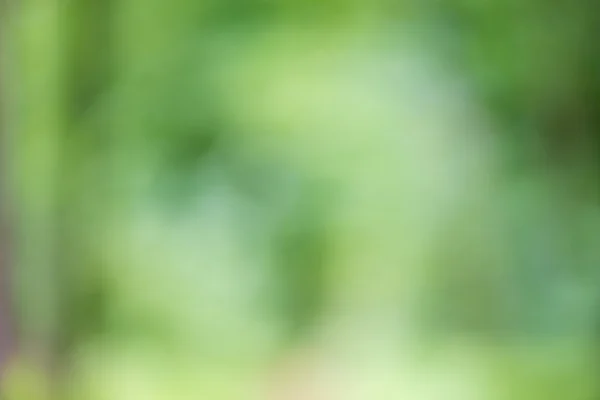 Blurred fresh green nature background — Stock Photo, Image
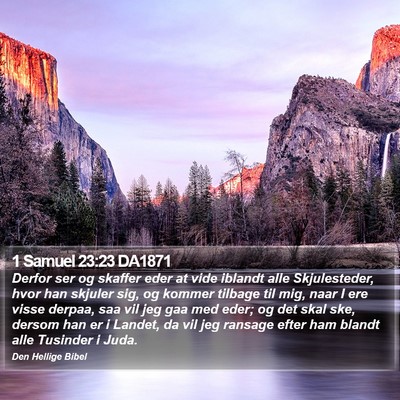 1 Samuel 23:23 DA1871 Bible Verse Image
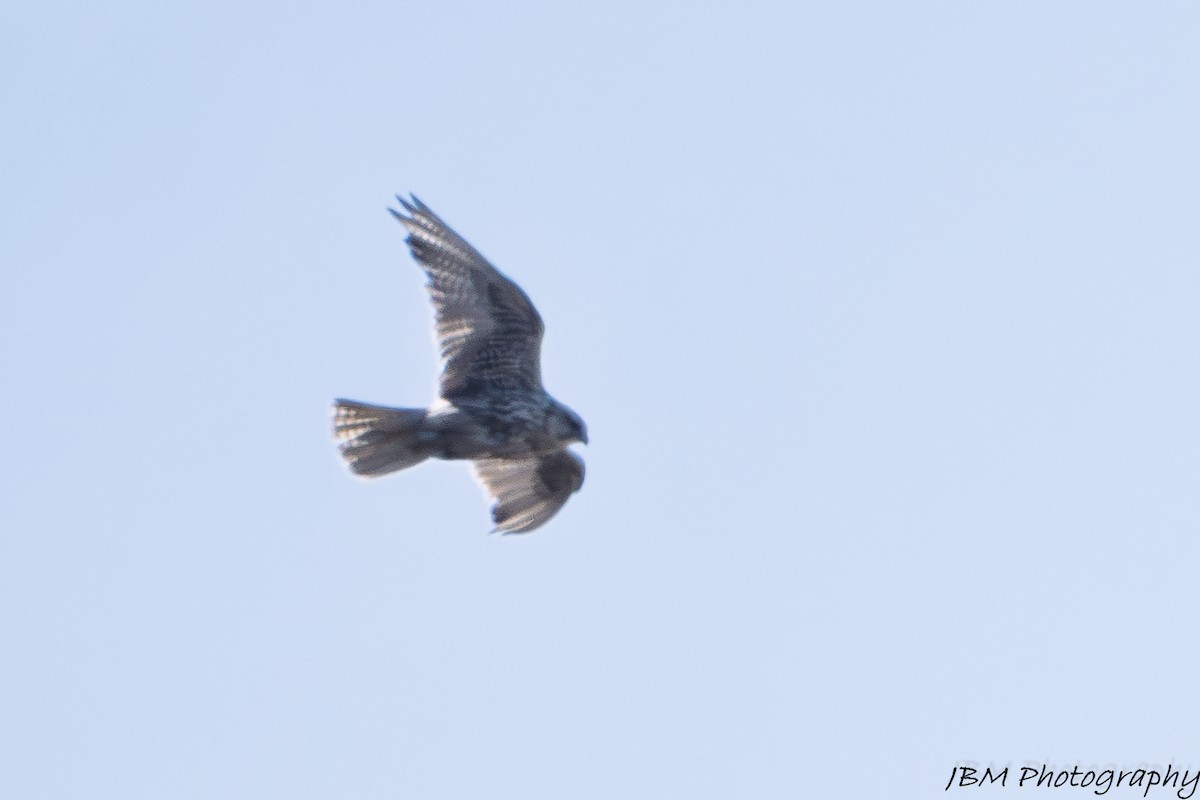 Gyrfalcon - ML639132782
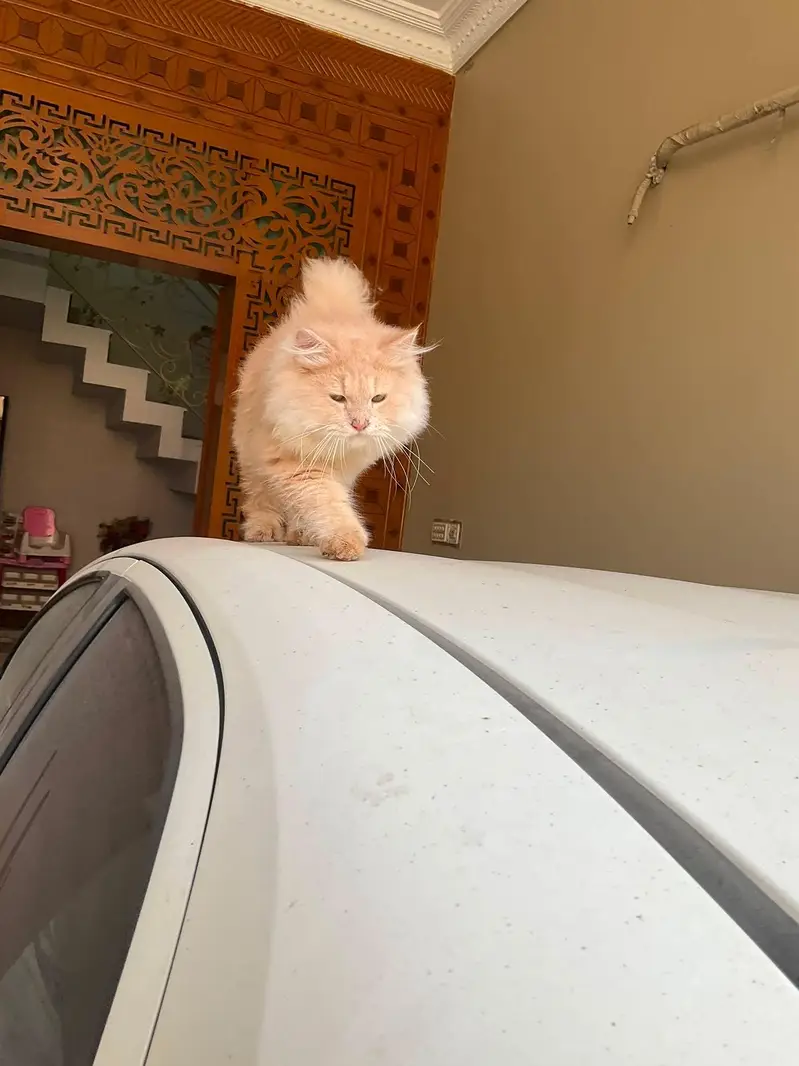 Persian cat with double coated fur — photo 2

→ **TASK PROMPT**
Copy every line of the listing above exactly. Leave each picture out.

→ **RESPONSE TO THIS EXERCISE**
 Blurred fresh green nature background — Stock Photo, Image
 1 Samuel 23:23 DA1871 Bible Verse Image
 Gyrfalcon - ML639132782
 Persian cat with double coated fur — photo 2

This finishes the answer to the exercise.